(TASK BRIEF)
Apart from the pictures, every entry below should be repeated exactly.

(DATA)

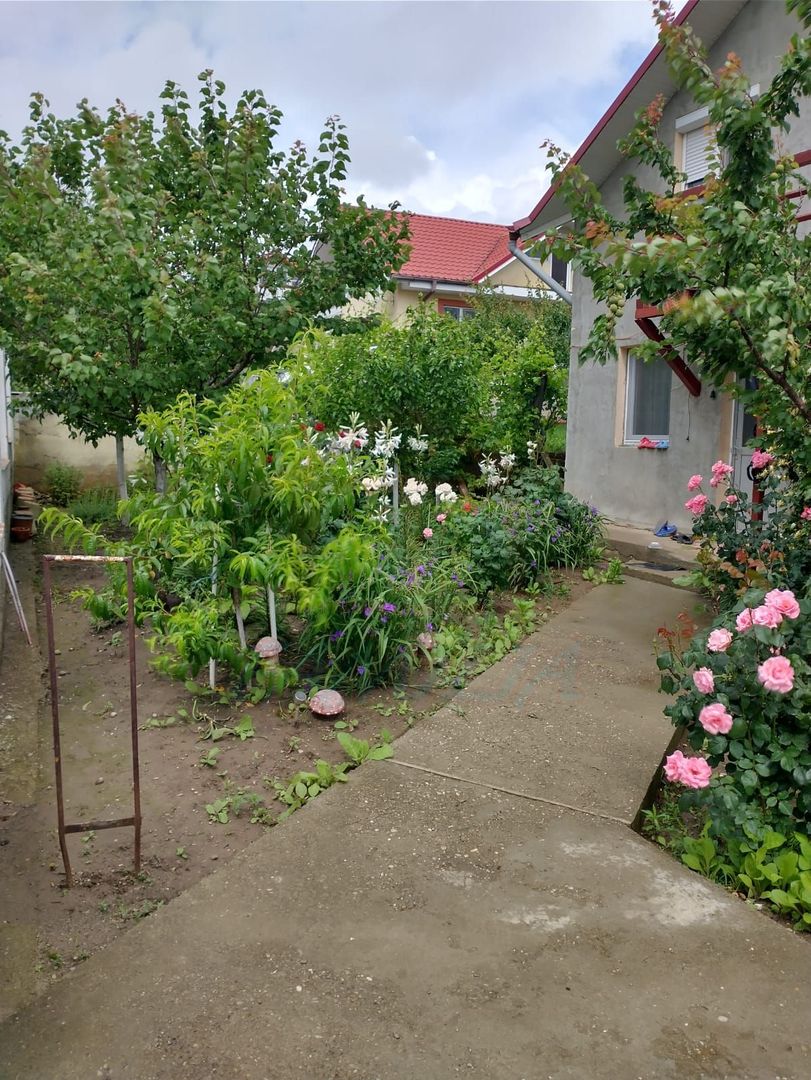 Vanzare casa P+M, Smardan( Galati ), la 2 minute de str.principala - Poză 2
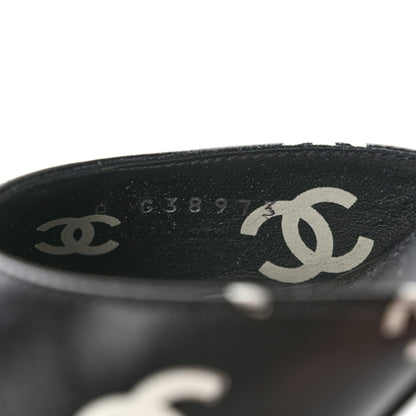 Chanel Lambskin Printed Coco Beach Sandals 40 Black White 8 of 14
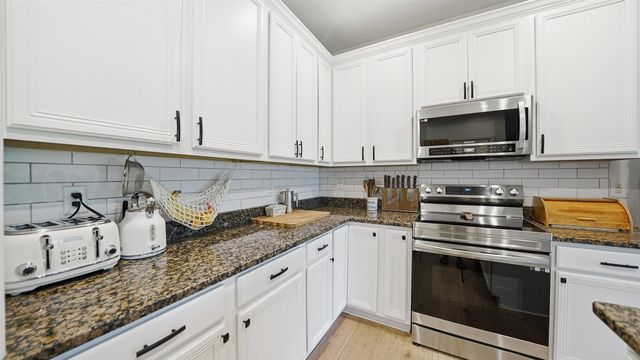 24 Hannah Cole Dr, St Augustine, FL 32080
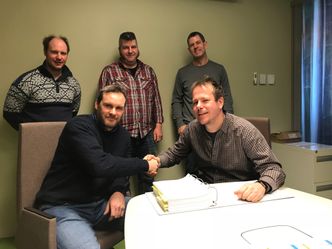 Kontrakt for jernbanebru i boks! Prosjektleder leder i Statens vegvesen, Tom Erik Olstad (tv) og daglig leder i Consto Anlegg Øst, Morten Karlsen undertegnet kontrakten i nærvær av teknisk byggeleder SVV, Valgard Stensbye, byggeleder SVV, Asgeir Skymoen og Constos prosjektleder, Svein Olav Busk Foto: Statens vegvesen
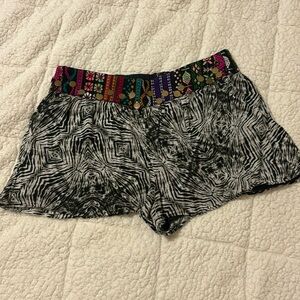 Women’s Stone Row shorts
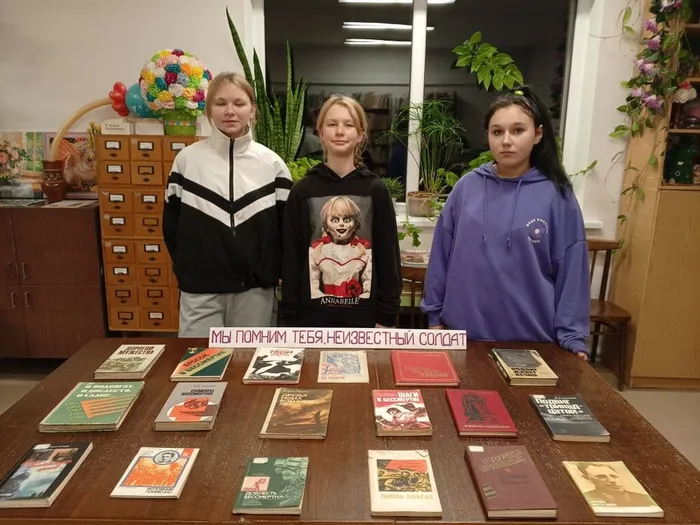 на фото посетители выставки (3)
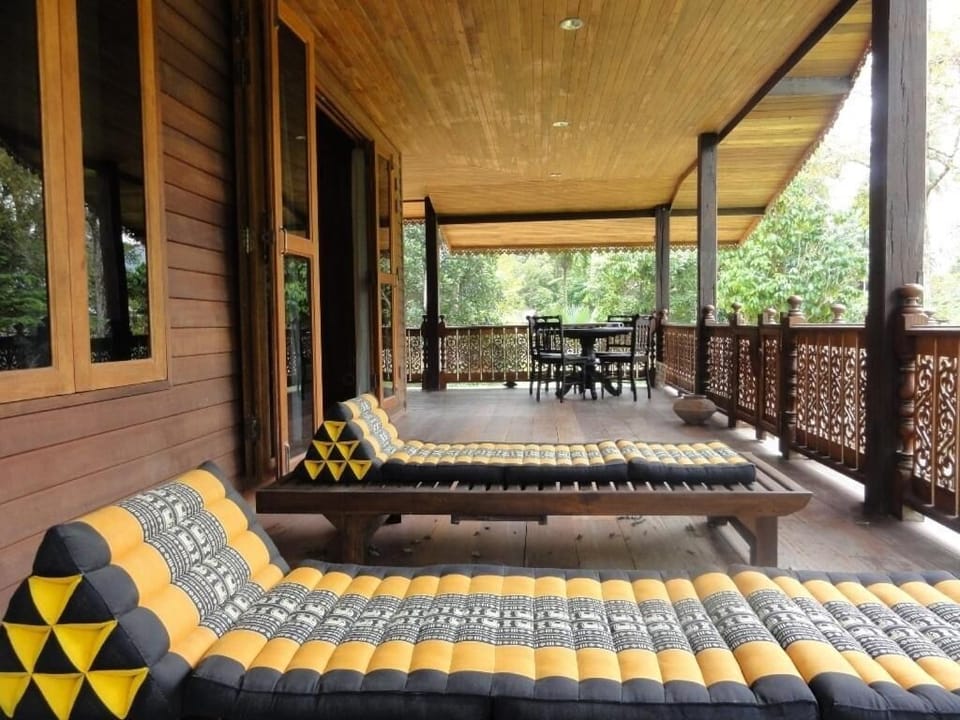 L-Shape Terrace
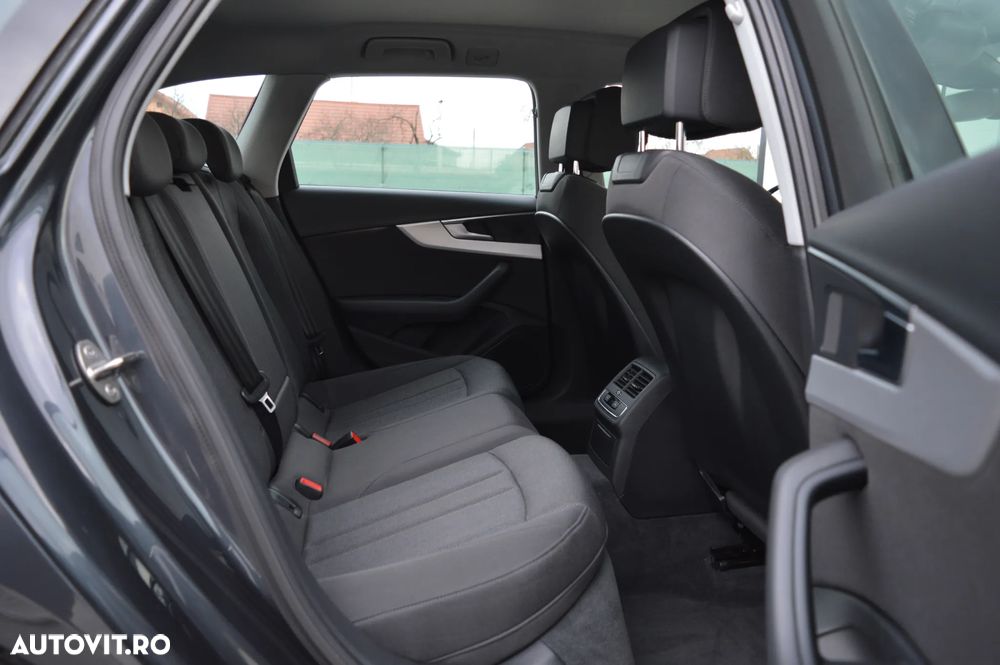 Audi A4 2.0 TDI S tronic - 37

(ANSWER BOX)
 Vanzare casa P+M, Smardan( Galati ), la 2 minute de str.principala - Poză 2
 Chanel Lambskin Printed Coco Beach Sandals 40 Black White 8 of 14
 24 Hannah Cole Dr, St Augustine, FL 32080
 Kontrakt for jernbanebru i boks! Prosjektleder leder i Statens vegvesen, Tom Erik Olstad (tv) og daglig leder i Consto Anlegg Øst, Morten Karlsen undertegnet kontrakten i nærvær av teknisk byggeleder SVV, Valgard Stensbye, byggeleder SVV, Asgeir Skymoen og Constos prosjektleder, Svein Olav Busk Foto: Statens vegvesen
 Women’s Stone Row shorts
 на фото посетители выставки (3)
 L-Shape Terrace
 Audi A4 2.0 TDI S tronic - 37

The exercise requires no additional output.